■ About this task
Of all the lines below, return only those starting with the line holding "Software Y Hardware" and going on through the line holding "Estructura de La", exactly as written.

================================

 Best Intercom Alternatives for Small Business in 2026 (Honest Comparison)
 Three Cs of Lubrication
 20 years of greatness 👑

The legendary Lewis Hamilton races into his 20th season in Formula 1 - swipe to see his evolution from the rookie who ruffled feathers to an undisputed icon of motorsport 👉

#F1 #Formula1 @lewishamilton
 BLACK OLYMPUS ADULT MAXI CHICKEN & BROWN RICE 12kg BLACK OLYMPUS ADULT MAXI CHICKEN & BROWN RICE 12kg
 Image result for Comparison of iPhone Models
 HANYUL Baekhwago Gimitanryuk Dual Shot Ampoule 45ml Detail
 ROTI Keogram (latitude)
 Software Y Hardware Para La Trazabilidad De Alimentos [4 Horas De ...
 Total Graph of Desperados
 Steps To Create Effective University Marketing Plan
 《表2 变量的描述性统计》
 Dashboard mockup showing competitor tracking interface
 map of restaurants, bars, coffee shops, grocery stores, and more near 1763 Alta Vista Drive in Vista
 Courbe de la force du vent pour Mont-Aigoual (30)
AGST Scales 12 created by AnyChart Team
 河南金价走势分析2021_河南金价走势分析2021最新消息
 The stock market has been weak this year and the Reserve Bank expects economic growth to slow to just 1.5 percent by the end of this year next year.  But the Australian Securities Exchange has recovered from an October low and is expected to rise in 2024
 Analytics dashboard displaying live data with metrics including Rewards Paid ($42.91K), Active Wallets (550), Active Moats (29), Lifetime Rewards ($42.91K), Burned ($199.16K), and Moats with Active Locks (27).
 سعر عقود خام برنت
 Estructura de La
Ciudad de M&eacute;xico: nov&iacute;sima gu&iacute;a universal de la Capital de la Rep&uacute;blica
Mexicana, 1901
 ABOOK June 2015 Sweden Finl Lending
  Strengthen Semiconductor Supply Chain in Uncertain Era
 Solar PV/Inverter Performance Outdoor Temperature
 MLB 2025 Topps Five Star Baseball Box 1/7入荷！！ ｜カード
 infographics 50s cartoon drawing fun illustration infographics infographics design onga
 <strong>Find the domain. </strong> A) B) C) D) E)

================================

■ Reply to the exercise
 Software Y Hardware Para La Trazabilidad De Alimentos [4 Horas De ...
 Total Graph of Desperados
 Steps To Create Effective University Marketing Plan
 《表2 变量的描述性统计》
 Dashboard mockup showing competitor tracking interface
 map of restaurants, bars, coffee shops, grocery stores, and more near 1763 Alta Vista Drive in Vista
 Courbe de la force du vent pour Mont-Aigoual (30)
AGST Scales 12 created by AnyChart Team
 河南金价走势分析2021_河南金价走势分析2021最新消息
 The stock market has been weak this year and the Reserve Bank expects economic growth to slow to just 1.5 percent by the end of this year next year.  But the Australian Securities Exchange has recovered from an October low and is expected to rise in 2024
 Analytics dashboard displaying live data with metrics including Rewards Paid ($42.91K), Active Wallets (550), Active Moats (29), Lifetime Rewards ($42.91K), Burned ($199.16K), and Moats with Active Locks (27).
 سعر عقود خام برنت
 Estructura de La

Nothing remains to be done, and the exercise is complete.